The construction industry is constantly evolving and in 2018, experts must be comfortable with change in order to succeed. According to JLL’s new U.S. Construction Outlook report, the construction sector is in the mature stages of economic expansion, with 2017 spending up 1.9 percent over 2016 levels. However, the volume of skilled workers is narrowing. What does that mean for the industry?
Experts who stay on top—and ahead of—these two trends will be well-positioned for 2018 and beyond.
The labor shortage isn’t going anywhere, so it’s time to get creative
The ongoing labor shortage continues to deepen nationally, which is evident by a historically low unemployment rate of 4.5 percent. There has been no minimal growth in the workforce over the last nine months, with no sign of an increase. Because of this, project timelines will be extended, wages will increase at a faster rate, and all eyes will be focused on construction technology to offset these challenges.

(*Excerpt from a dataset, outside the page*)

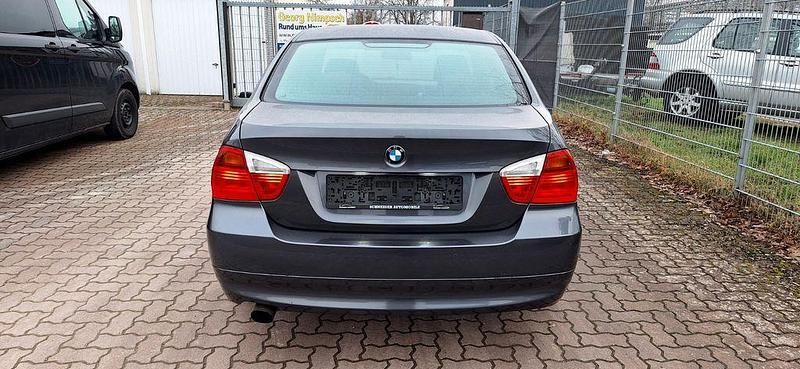 Gebraucht BMW 318 129 PS (94 kW) 2007 Grau Limousine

The takeaway? Construction costs will continue to go up as a direct result of personnel decisions, making a case for more creative human resources strategies. Whether it be holding laborers on the payroll even if they aren’t currently needed, or supporting training programs and recruiting outside of their geographical area, there is a need for more innovative responses to the skilled worker shortage.
Does technology equal productivity for the construction industry?
A variety of new construction technologies have emerged over the last two years, but adoption has been low. If the industry implemented these changes, it could have a profound impact to efficiency and productivity.
- Building information modeling (BIM): BIM is the facilitator and enabler for which many technologies are based. 3D printing, cloud based collaboration, robotics and artificial intelligence all stem from a central BIM platform. Companies like Autodesk and GRAPHISOFT both have products that offer innovative uses of BIM.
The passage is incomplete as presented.